**Task instructions:**
Print exactly the lines below between the line holding "2023 Cadillac Escalade 4WD Sport" and the line holding "Snapshot of chanel_grant", inclusive, and nothing more.

── Exercise input ──

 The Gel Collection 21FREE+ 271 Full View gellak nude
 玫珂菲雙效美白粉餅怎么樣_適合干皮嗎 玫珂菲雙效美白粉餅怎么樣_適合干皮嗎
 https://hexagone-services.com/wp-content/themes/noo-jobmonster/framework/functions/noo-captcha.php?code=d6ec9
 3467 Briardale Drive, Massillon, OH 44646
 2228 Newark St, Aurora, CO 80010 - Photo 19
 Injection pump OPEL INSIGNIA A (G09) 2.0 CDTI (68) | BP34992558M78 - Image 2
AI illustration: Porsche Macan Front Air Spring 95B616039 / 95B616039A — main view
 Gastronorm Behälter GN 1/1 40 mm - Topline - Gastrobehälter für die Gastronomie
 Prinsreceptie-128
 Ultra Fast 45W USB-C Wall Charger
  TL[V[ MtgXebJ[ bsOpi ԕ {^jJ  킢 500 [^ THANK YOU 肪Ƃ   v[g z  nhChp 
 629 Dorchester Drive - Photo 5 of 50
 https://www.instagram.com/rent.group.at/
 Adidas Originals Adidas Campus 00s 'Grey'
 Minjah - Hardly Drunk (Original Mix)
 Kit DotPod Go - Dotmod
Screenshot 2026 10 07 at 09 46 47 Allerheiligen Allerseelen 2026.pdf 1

───
── Exercise input ──

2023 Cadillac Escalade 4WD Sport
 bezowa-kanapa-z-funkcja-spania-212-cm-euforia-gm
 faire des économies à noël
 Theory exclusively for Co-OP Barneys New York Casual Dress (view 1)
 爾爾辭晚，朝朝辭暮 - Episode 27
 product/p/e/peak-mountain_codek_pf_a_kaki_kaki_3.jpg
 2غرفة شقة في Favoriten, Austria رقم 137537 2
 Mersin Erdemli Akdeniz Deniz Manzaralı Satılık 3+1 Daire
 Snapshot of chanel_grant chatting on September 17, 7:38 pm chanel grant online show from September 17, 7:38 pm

───
── Exercise input ──

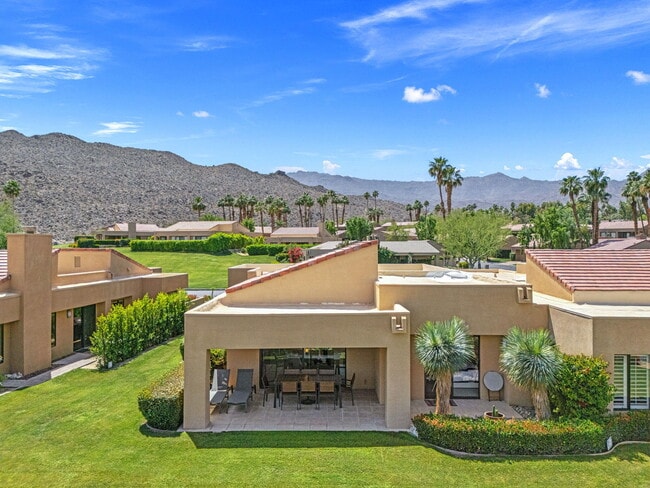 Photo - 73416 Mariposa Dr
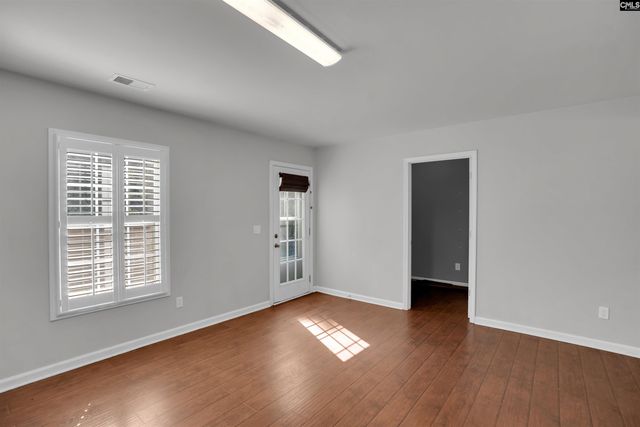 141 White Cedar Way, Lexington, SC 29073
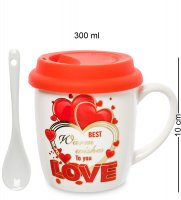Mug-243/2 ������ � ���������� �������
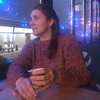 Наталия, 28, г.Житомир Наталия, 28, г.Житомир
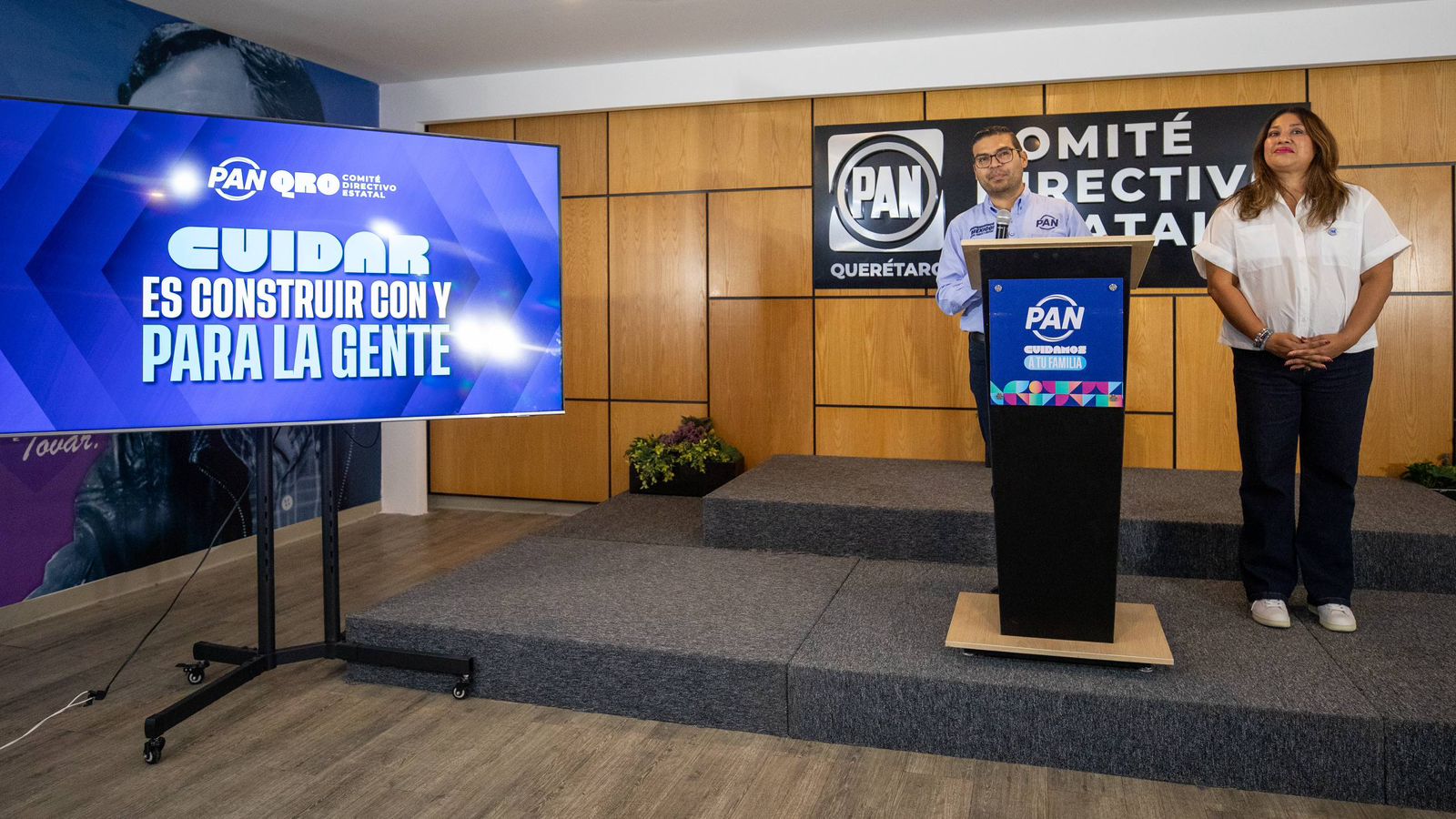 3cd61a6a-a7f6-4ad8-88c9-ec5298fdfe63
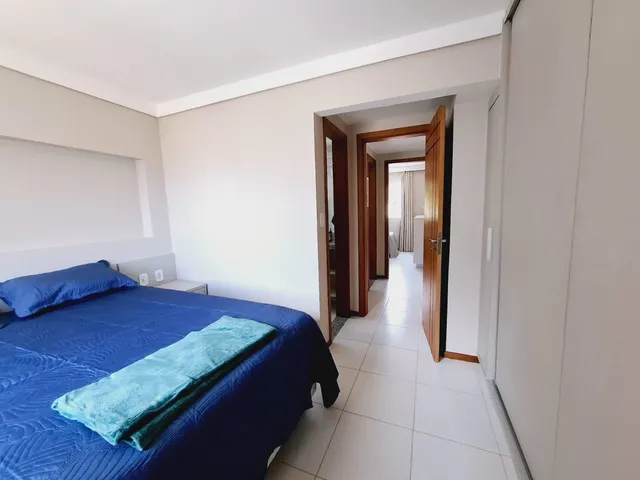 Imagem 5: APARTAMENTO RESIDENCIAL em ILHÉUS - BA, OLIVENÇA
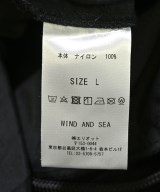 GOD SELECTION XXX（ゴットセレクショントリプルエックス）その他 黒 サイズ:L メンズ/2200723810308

───

**Answer to this problem:**
2023 Cadillac Escalade 4WD Sport
 bezowa-kanapa-z-funkcja-spania-212-cm-euforia-gm
 faire des économies à noël
 Theory exclusively for Co-OP Barneys New York Casual Dress (view 1)
 爾爾辭晚，朝朝辭暮 - Episode 27
 product/p/e/peak-mountain_codek_pf_a_kaki_kaki_3.jpg
 2غرفة شقة في Favoriten, Austria رقم 137537 2
 Mersin Erdemli Akdeniz Deniz Manzaralı Satılık 3+1 Daire
 Snapshot of chanel_grant chatting on September 17, 7:38 pm chanel grant online show from September 17, 7:38 pm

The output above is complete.